"Dances Among Mysteries"
introduction for a reading by Herman Beavers
Major Jackson, Poet
April 24, 2002
It is indeed a pleasure to be here at the Kelly Writers House of which I can comfortably say is probably today one of the most adventurous and significant literary undertakings in Philadelphia. It has been a joy to watch from afar The Kelly Writers House assert itself as one of the premiere venues for writers and the discussion of writing within many different and important contexts.
It is even more a pleasure to introduce a man whom I have admired for some time now. Early on, I became aware of Professor Herman Beavers arrival to University of Pennsylvania through his former students and my now estranged friends. They spoke highly of his engaging lectures and classes concerning such diverse topics as Faulkner, Ellison, Southern Literature, the hagiographic project of jazz icons, the employment of masculine identities in black performance culture, and of course, the limits and possibilities of contemporary poetry. His fluency of speech concerning the above mentioned topics and many others was no surprise soon after I learned he had studied and obtained degrees from Oberlin, Brown, and Yale.
I am grateful for the summer of 1996, the year in which I was able to spend a week in June with Professor Beavers and a host of other talented thinkers and poets at the Cave Canem Poets Retreat in upstate New York. It was there in which I had the good fortune of discussing, debating, listening and conceding to the well-sprung of ideas and perspectives Professor Beavers advanced and broke down to us young aspiring poets. For many of us, Professor Beavers became a sort of big brother. Of course, we gossiped and exchange juice about some of our favorite writers, poets who we studied with or knew from afar. I believe however I was most struck by the language Professor Beavers employed to discuss the dynamics and construction of maleness, black male identities, and community. It became clear that this subject not only was the concern of his scholarly/critical being but also the focus of his imaginative life - and how valuable it is.

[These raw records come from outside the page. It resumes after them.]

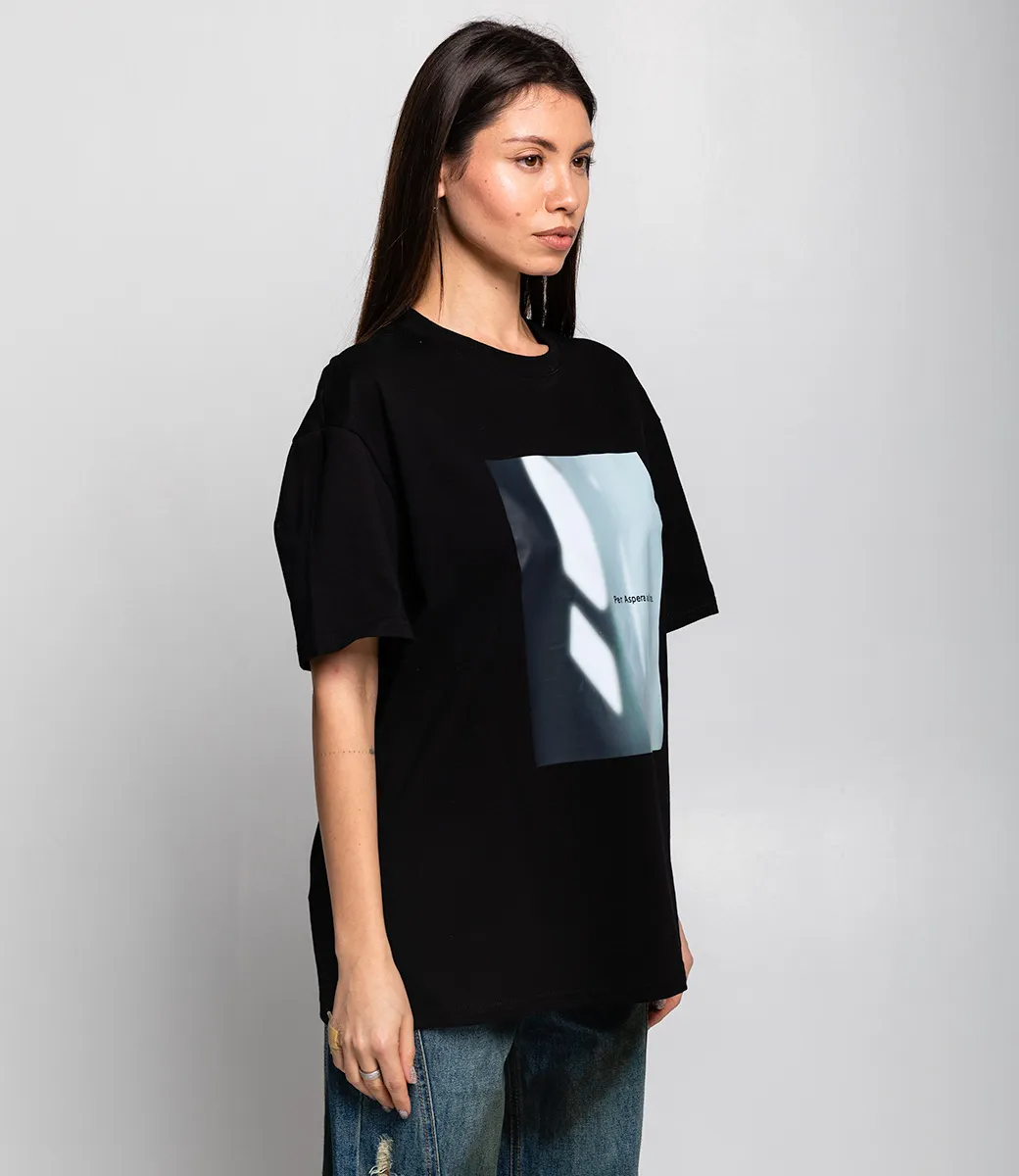 Футболка #КТ801 (12), чёрный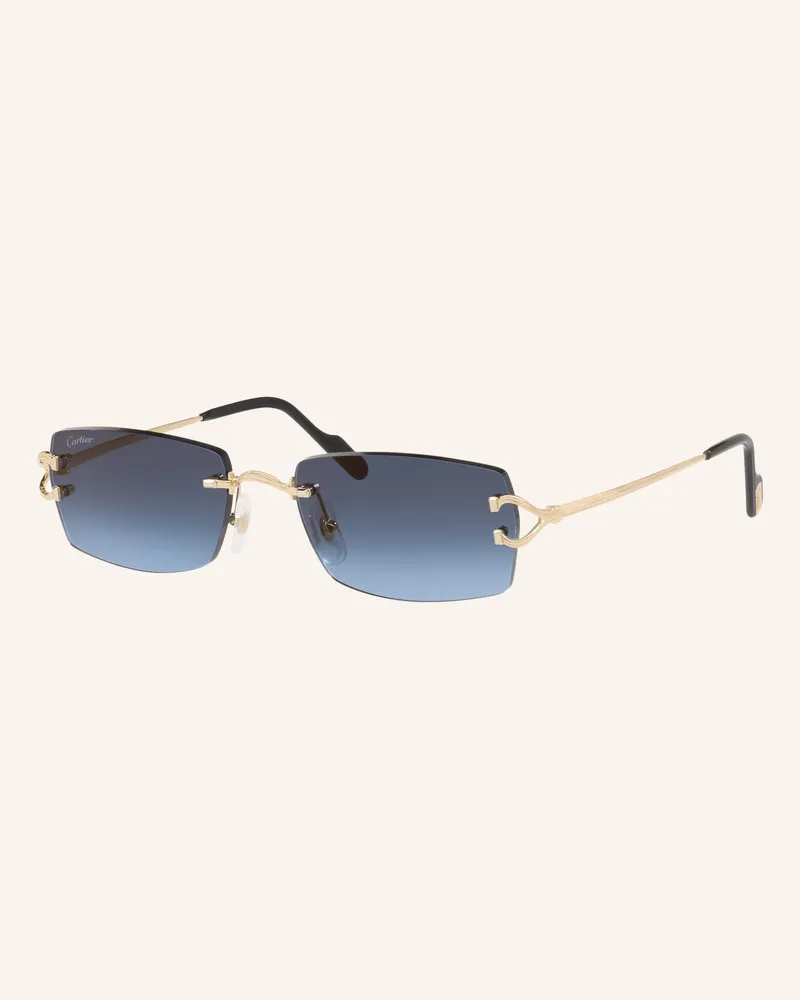 Cartier Sonnenbrille 6L001805 gold Gold
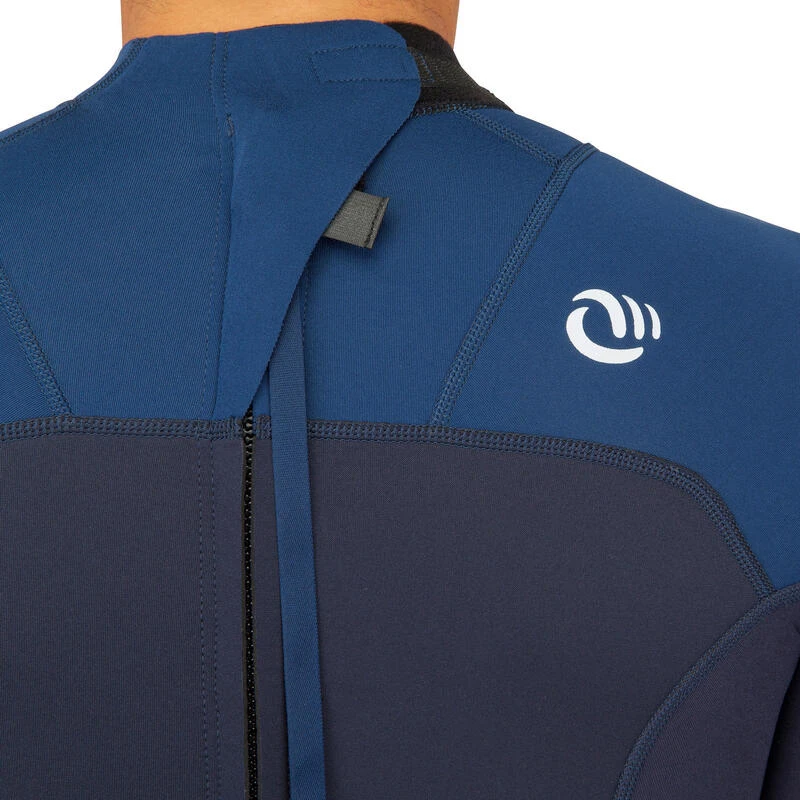 Combinaison Surf Shorty 500 Stretch Néoprène Homme Bleue 3 Combinaison Surf Shorty 500 Stretch Néoprène Homme Bleue – Image 3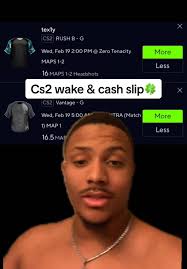 Let’s cash our Wake & Cash slips🍀 #theonlykbreezo #cs2 #tennis  #sportsbetting #sportstiktok #prizepicks #fyp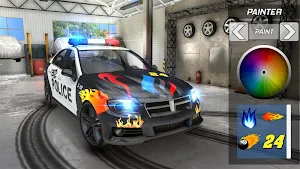 Police Drift Car Driving Simulator Screenshot 2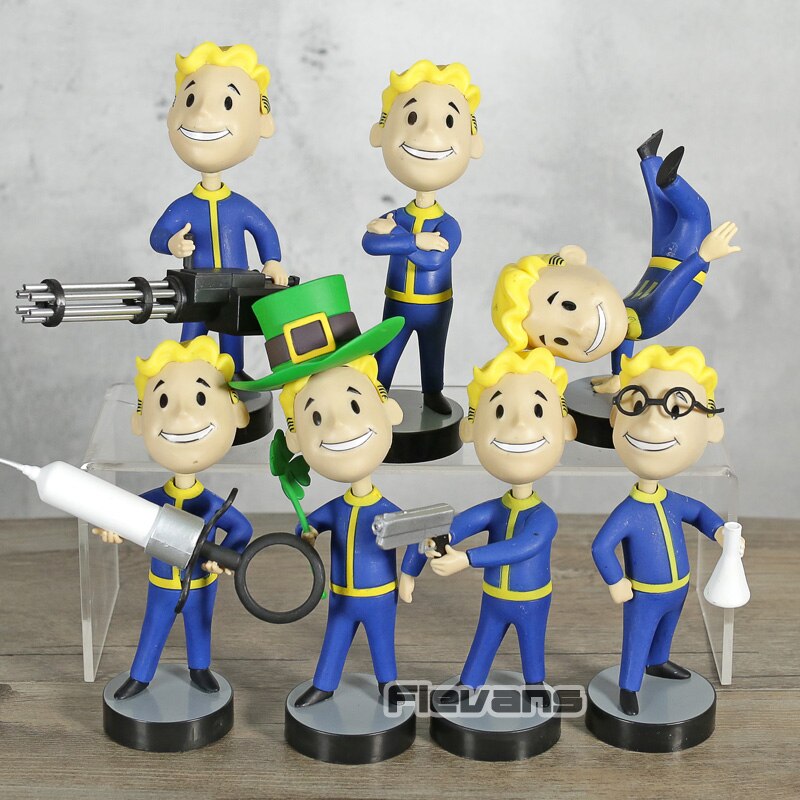 Fallout 4 Vault Boy PVC ׼ ǱԾ    峭 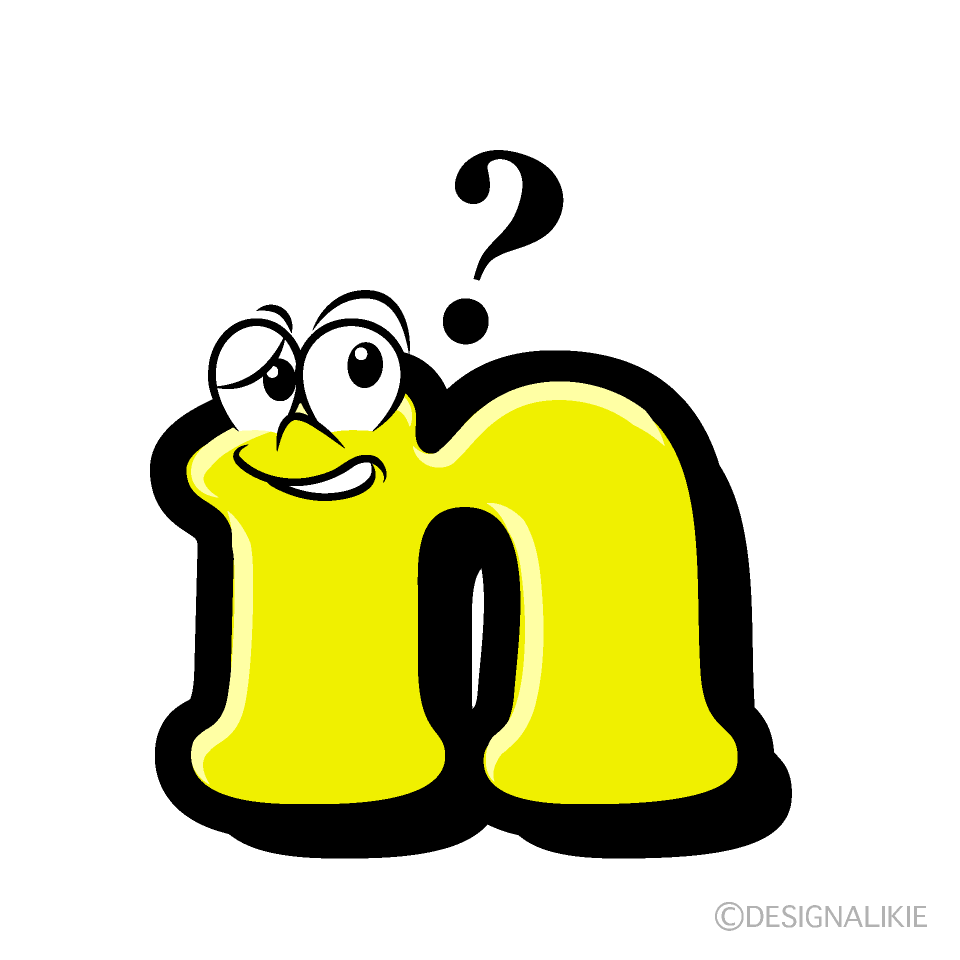 Thinking n Cartoon Character Image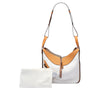 LOEWE Medium Bicolor Grained Calfskin Hammock Satchel Secondhand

It is difficult for us to think of the artist/writer/poet's work as a form of gift-giving. But how can it not be when a writer of Professor Beavers range and power blends and situates, in the great tradition of American and African American poetics, his own personal journey within historical, mythical, folkloric and literary discourse. Such a task has at its roots a kind of heroism, but also its dangers. Take these lines from his poem "An Old Man Remembers The Guitar," a deft dramatic monologue in the voice of an iconic blues guitarist: "Looka here boy, don't let no body tell you truth'll make you free. It won't do nothing but kill you and you be mad for rest your natural born life." These lines, which fly in the face of a many memoirist, articulate the bone-deep risks of writing in the modern age. However, I quote poet Theodore Roethke: "Those who are willing to be vulnerable move among mysteries." It is clear to me Professor Beavers not only moves, but penetrates and dances among mysteries.